I. Trump as a Conventionally Unconventional Candidate and President
The case for Trump as conventionally unconventional requires stepping back from
the surprise (or shock, depending on one’s view of the man) of his victory, and identifying
similarities between his victory and what he has shown so far about his governing style, and
earlier cases. No historical analogues will align perfectly, though they may (to cite a likely
apocryphal epigram from Mark Twain) rhyme.
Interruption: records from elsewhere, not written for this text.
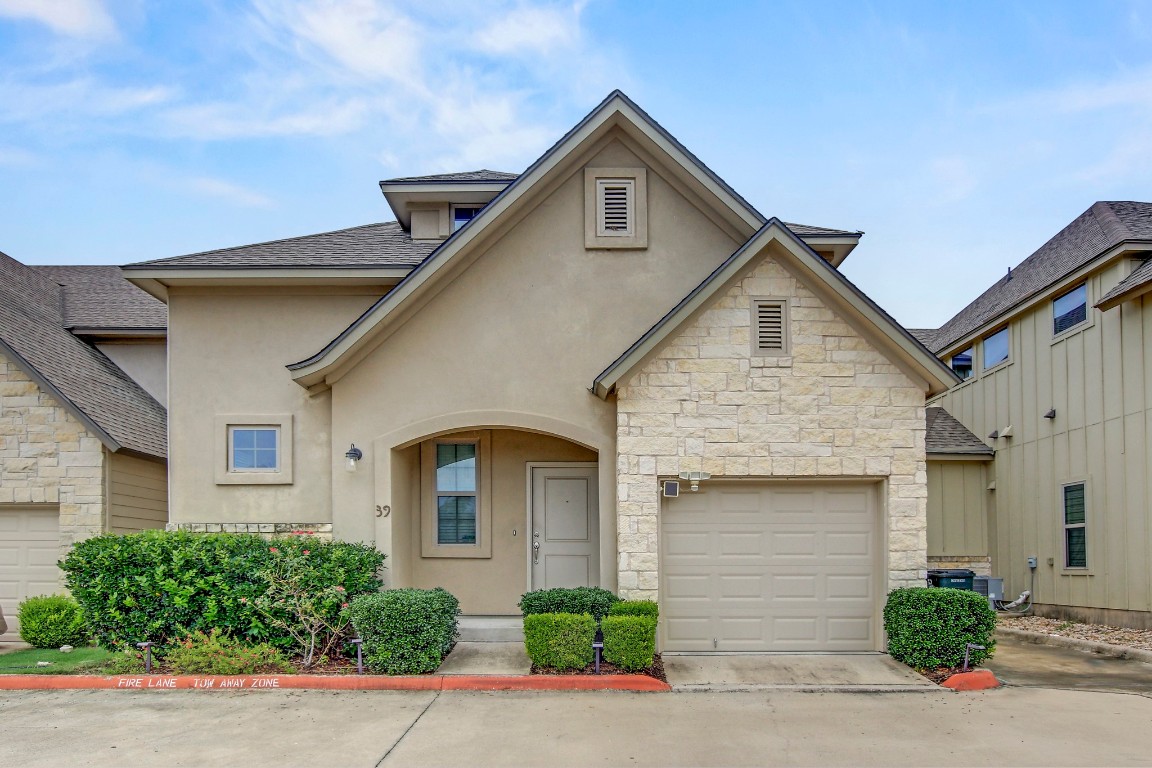 13001 Hymeadow Drive, Unit 39 Austin, TX 78729 - Photo 2 of 39 a front view of a house with a yard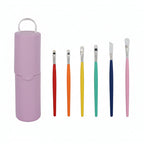 Purple travel set with toothbrushes and case on a white background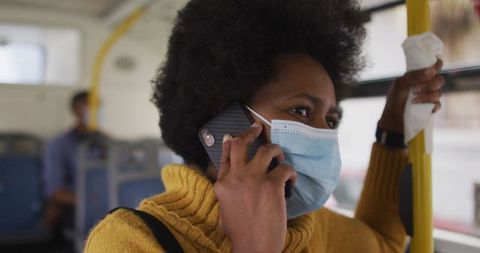 Young Woman with Face Mask Talking on Phone While Traveling in Bus - Download Free Stock Images Pikwizard.com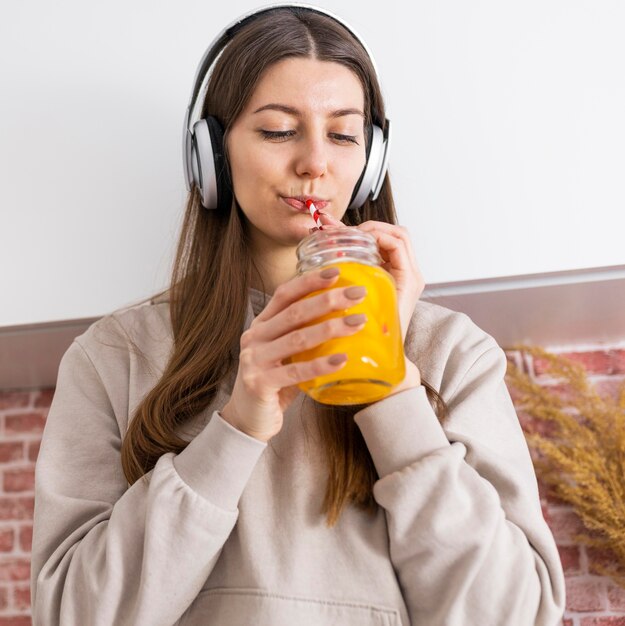 Medium shot woman drinking juice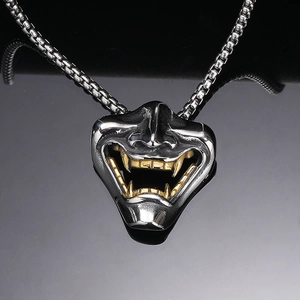 Detail of silver Hannya mask pendant with golden tusks on black reflective surface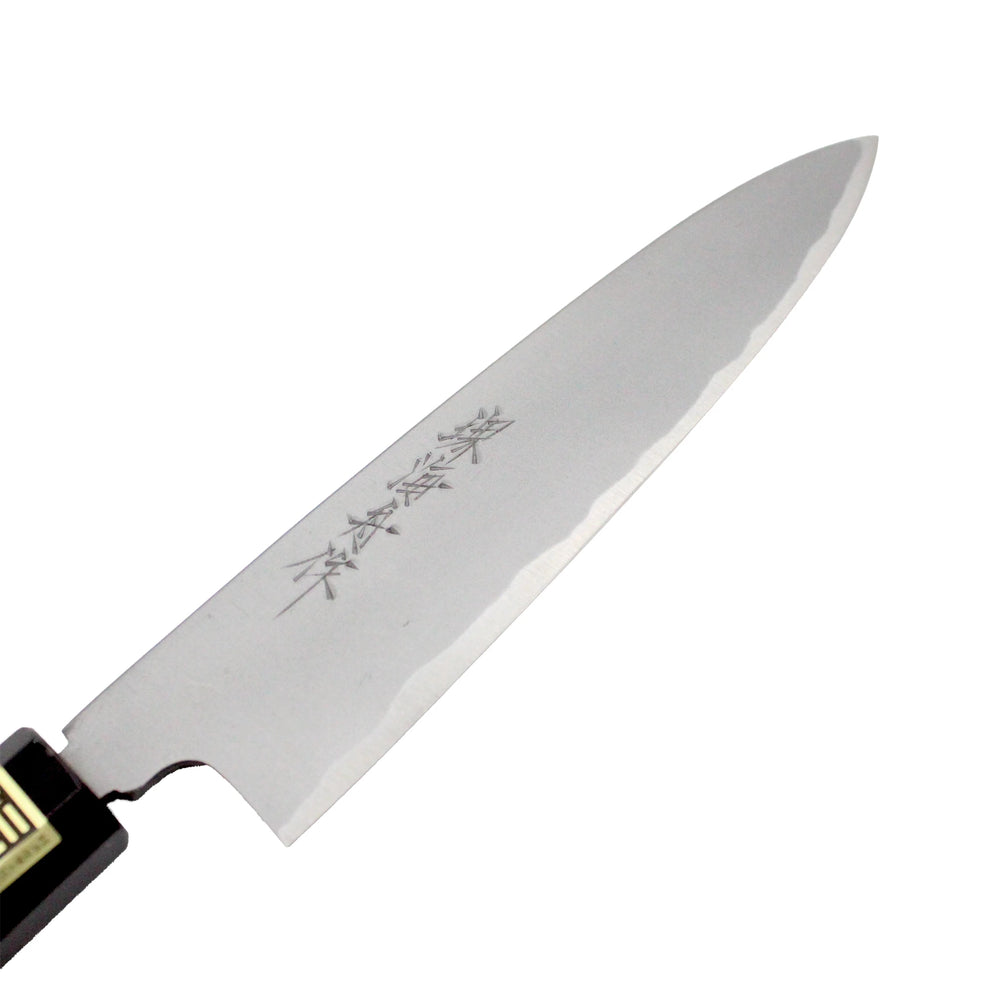 
                  
                    Close-up of the Petty Paring Knife Migaki Polished - 150mm, featuring kanji characters on its white steel blade and a sharp double-bevel edge.
                  
                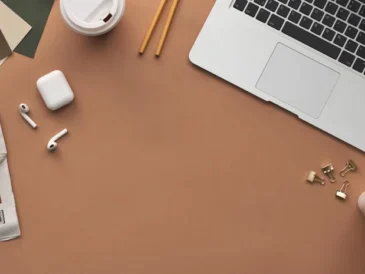 Laptop and desk workspace for building a resume with an AI tool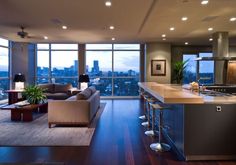 a living room filled with furniture and lots of windows next to a counter top oven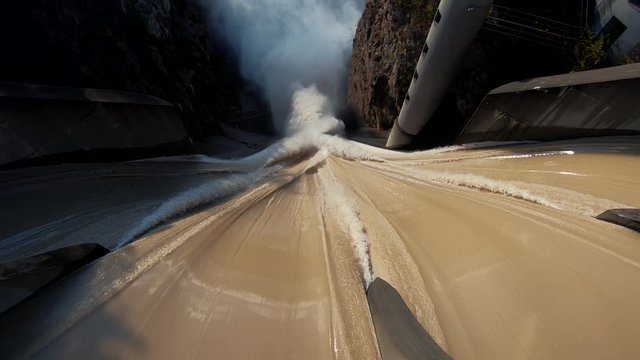 Slow motion tilt down dirty brown flooded river water flows over concrete spillway
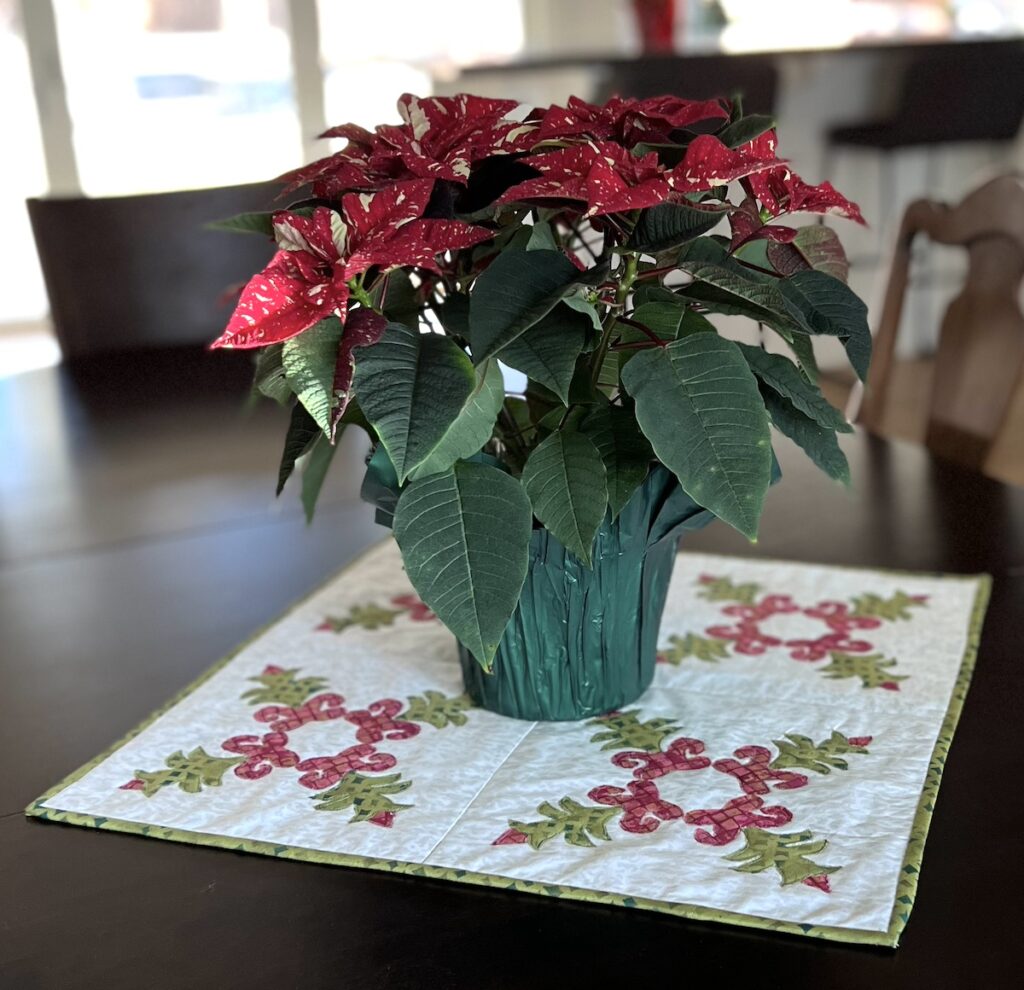 Christmas cactus applique quilt on a table with a poinsetta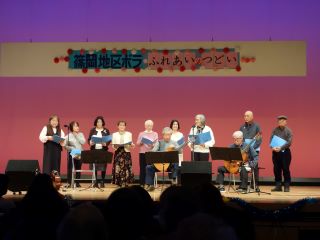つどい舞台発表の写真。2人が椅子に座りギターで伴奏し、9人がその後ろに並んで「いのちの歌」という曲を合唱している。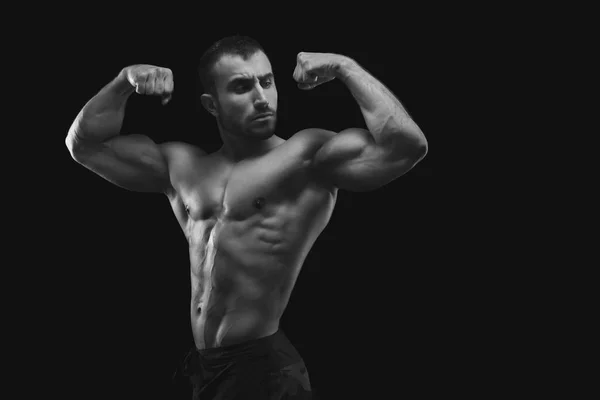 Ισχυρή Αθλητικός άνδρας showes γυμνή μυώδες σώμα — Φωτογραφία Αρχείου
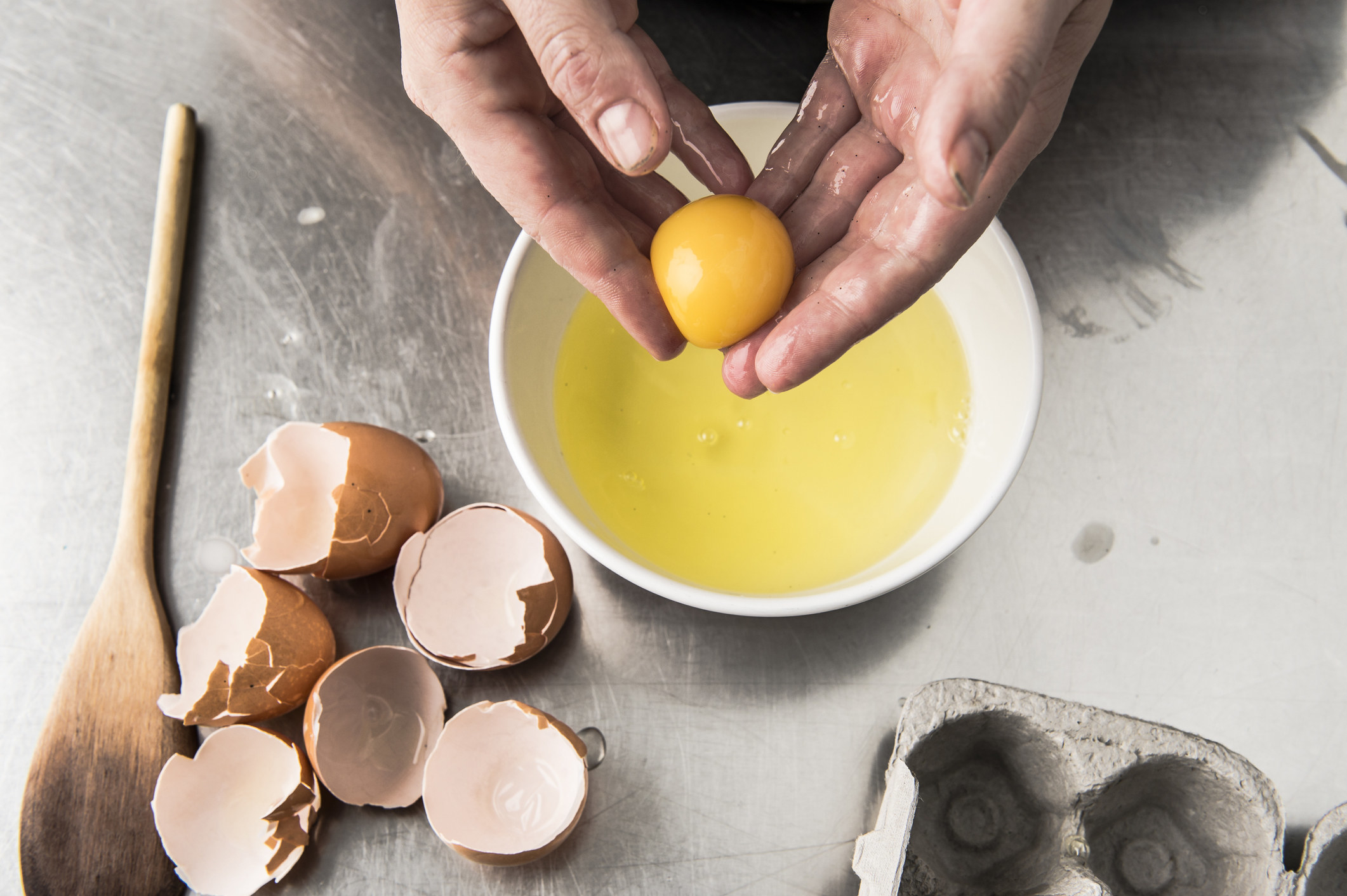 Hands holding an egg yolk over a bowl of beaten eggs.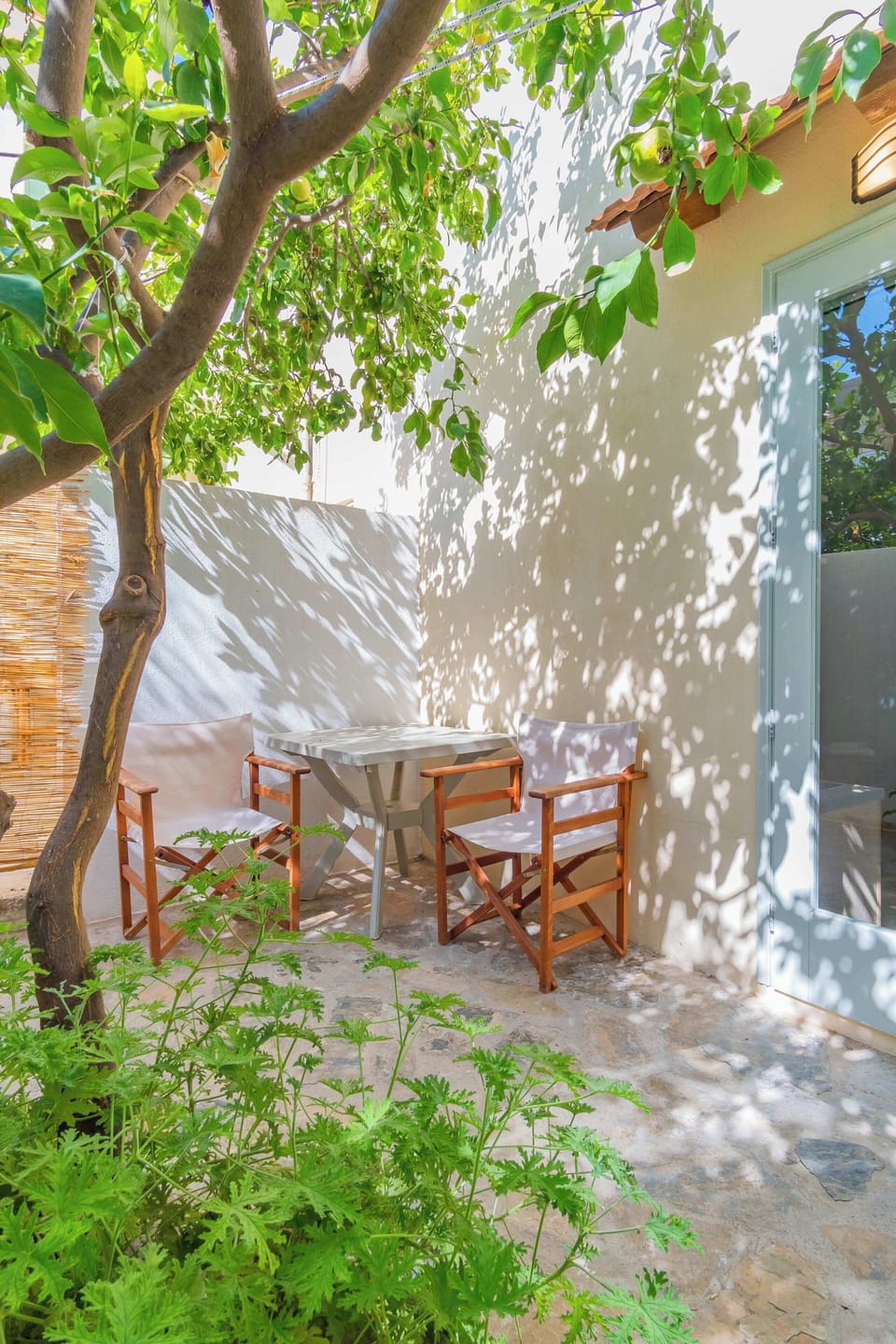 Artemis: Peaceful patio area, perfect for a quiet morning coffee.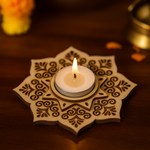 Decorative mdf candle holder with a lit candle on a dark background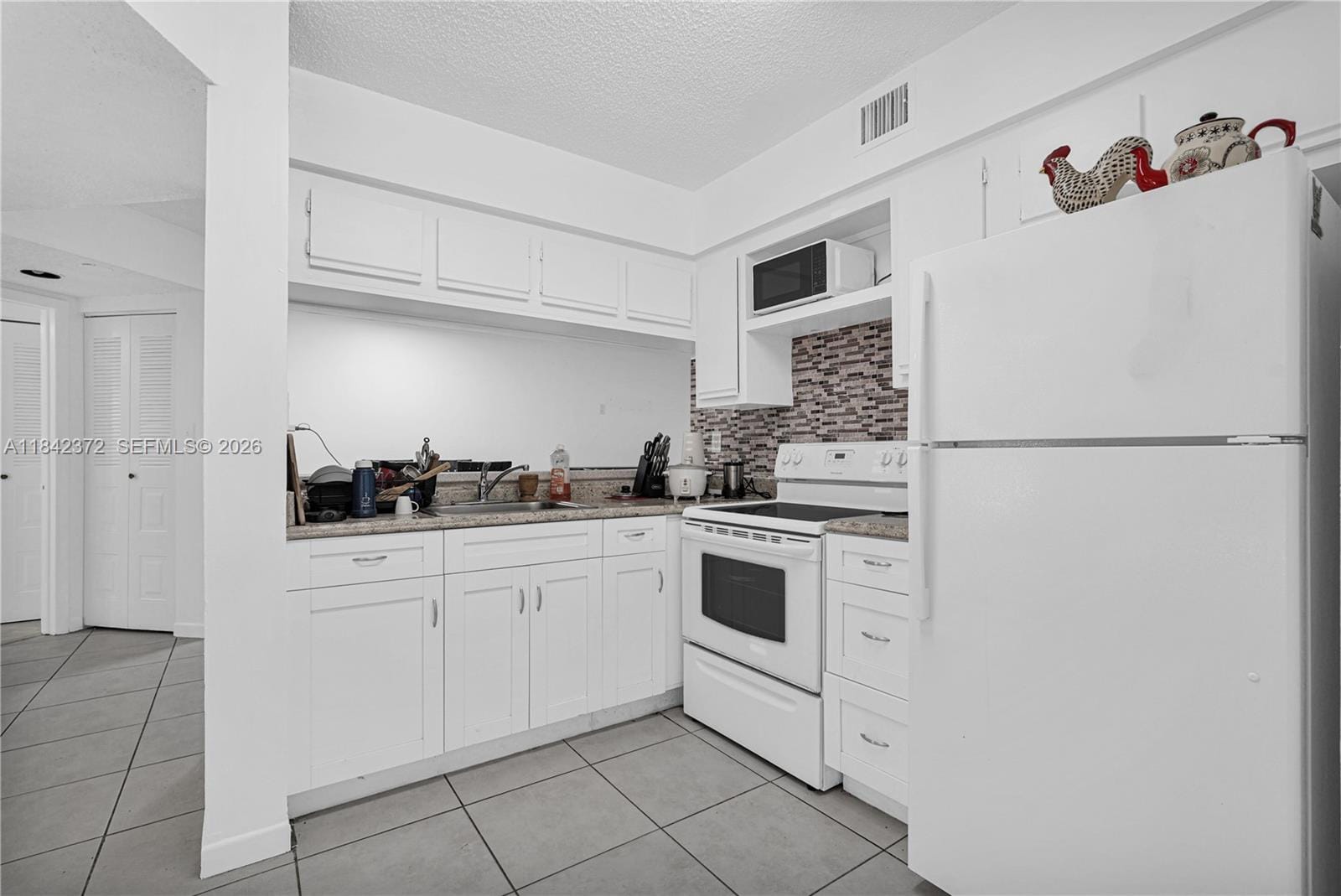 9159 SW 141st Place 9159 — photo 11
One narrative is that the Republican victory in the 2012 presidential election should
not have been surprising, since it has proven difficult for the same party to win a third
consecutive term (George H.W. Bush was the most recent example in 1988; post-war
failures occurred in 1952, 1960, 1968, 1976, 2000, 2008, and now 2016). If this impulse for
change meant that whomever the Republican’s nominated had an advantage, the story is
more about the nomination process instead of the general election (indeed, Donald Trump
was widely believed to the weakest of the top tier candidates and the one that Clinton had
the best chance to beat).15 An emerging consensus view is that Clinton lost because rural
white voters abandoned the Democratic party in crucial states – Michigan, Pennsylvania,
Wisconsin, all of which had voted for Obama in 2008 and 2012. Even in traditionally
Democratic Minnesota, which had not voted for a Republican presidential candidate since
1972, Clinton’s victory margin over Trump (1.52%) was the smallest since the 1984
presidential election, in which Mondale won by 0.16%.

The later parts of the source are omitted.